Área: Fiscal Publicado em 06/02/2024

Confissão de débito em transação no Estado de SP

Existe uma dúvida recorrente entre os contribuintes que optam por estancar um estado de conflituosidade com o Fisco no contexto de uma transação: quais são os efeitos de se efetivar uma confissão irrevogável e irretratável dos créditos abrangidos pela transação? A confissão efetivamente impede que o contribuinte se oponha à exigência posteriormente, uma vez que a norma legal diz que ela é irretratável e irrevogável?

Esse questionamento surge porque a confissão caracteriza requisito sine qua non para que seja formalizado o acordo de transação previsto, em redações idênticas, tanto na lei federal (artigo 3º, IV, V, parágrafo 1º, da Lei nº 13.988/20) quanto na nova lei do Estado de São Paulo que regulamenta o instituto (artigo 3º, IV, V, VI, parágrafo 1º, da Lei nº 17.843/23), devendo o contribuinte também renunciar às discussões judiciais em andamento a respeito dos créditos transacionados.

A Lei nº 17.843/23, dando maior norte sobre como responder à indagação anteriormente suscitada, teve o cuidado de prever, em seu artigo 10, VII, exceções à renúncia e desistência de questionamentos judiciais acerca do crédito tributário transacionado, citando, expressamente, as hipóteses do artigo 57, merecendo destaque (i) as matérias objeto de jurisprudência consolidada nos tribunais; (ii) acórdãos transitados em julgado proferidos em sede de controle concentrado ou difuso de constitucionalidade pelo STF, em recurso repetitivo extraordinário ou especial, recurso extraordinário com repercussão geral, incidente de resolução de demandas repetitivas; além de (iii) súmula vinculante do STF e (iv) súmula do STJ ou TST.

A lei estadual da transação foi bastante feliz nessa disposição, já que possibilita se evidenciar no âmbito judicial, ainda que em momento posterior à formalização do acordo, que o tributo transacionado, na verdade, deve ser considerado indevido em razão da sua base de cálculo ser ilegal ou inconstitucional, sem que isso implique a rescisão do acordo de transação firmado com o Estado.

Isso demonstra que a confissão é um meio de prova, mas ela não tem nenhum efeito sobre os significados jurídicos dos fatos confessados.

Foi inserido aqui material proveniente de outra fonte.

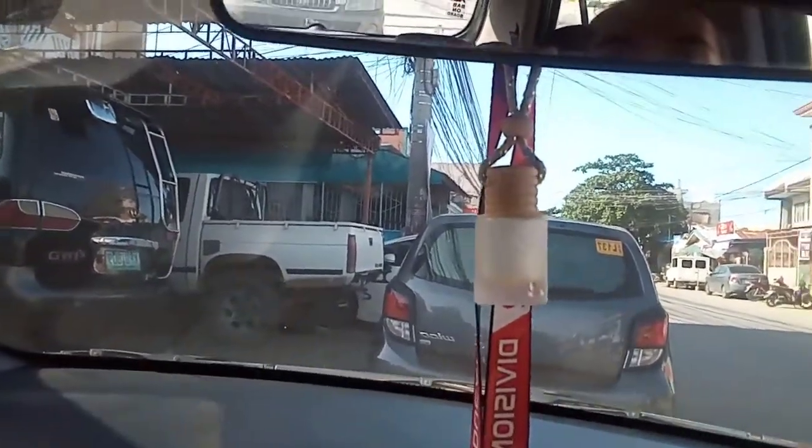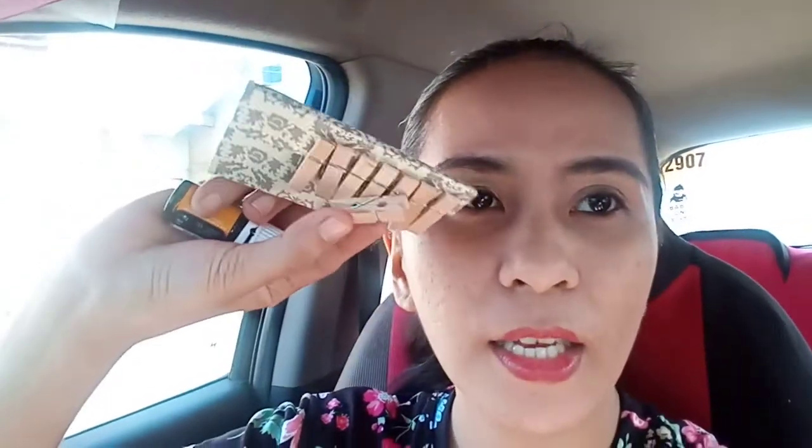Hello everyone! In this video I'm going to teach you another alternative for your DIY car diffuser. In my previous video I taught you how to make a DIY car diffuser using this hanging car diffuser — check out the link below for the complete tutorial. But if you don't have the hanging diffuser, there is another alternative: wooden clothespins.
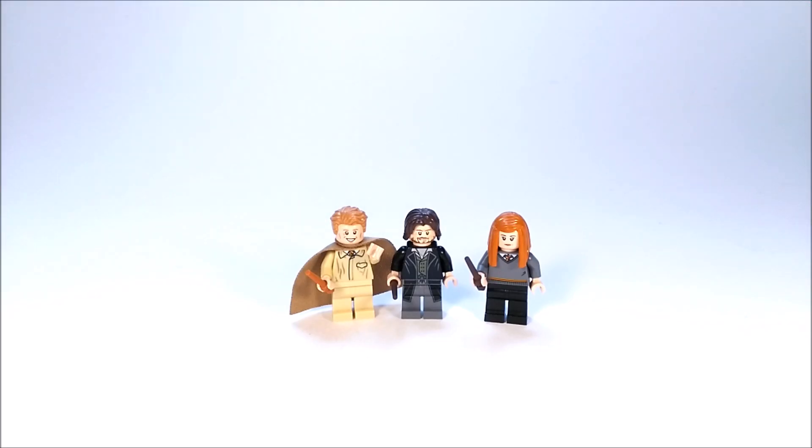Hello everyone, it's Ibaki here. What is up guys — today I'm back with another LEGO video. This is on 3 custom Harry Potter minifigures that I thought were lacking from the sets, so I decided to make my own custom versions of them. I'm sure we'll probably get most of these minifigures in future waves of the Harry Potter line, but here we have Gilderoy Lockhart, Harry Potter's godfather Sirius Black, and Ginny Weasley. Let's take a quick look at each of these minifigures.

Assim, por mais irretratável e irrevogável que seja considerada a confissão realizada no âmbito de um acordo de transação qualquer, ela não impedirá a discussão dos efeitos ou dos significados jurídicos dos fatos “confessados”. Por isso, o contribuinte que confessa ser devedor do tributo “x” e resolve liquidá-lo por meio de um acordo de transação não está impedido de discutir esse mesmo tributo caso seja declarada a ilegalidade ou a inconstitucionalidade da norma que embasava a obrigação originária, como bem prevê a nova legislação paulista sobre transação tributária.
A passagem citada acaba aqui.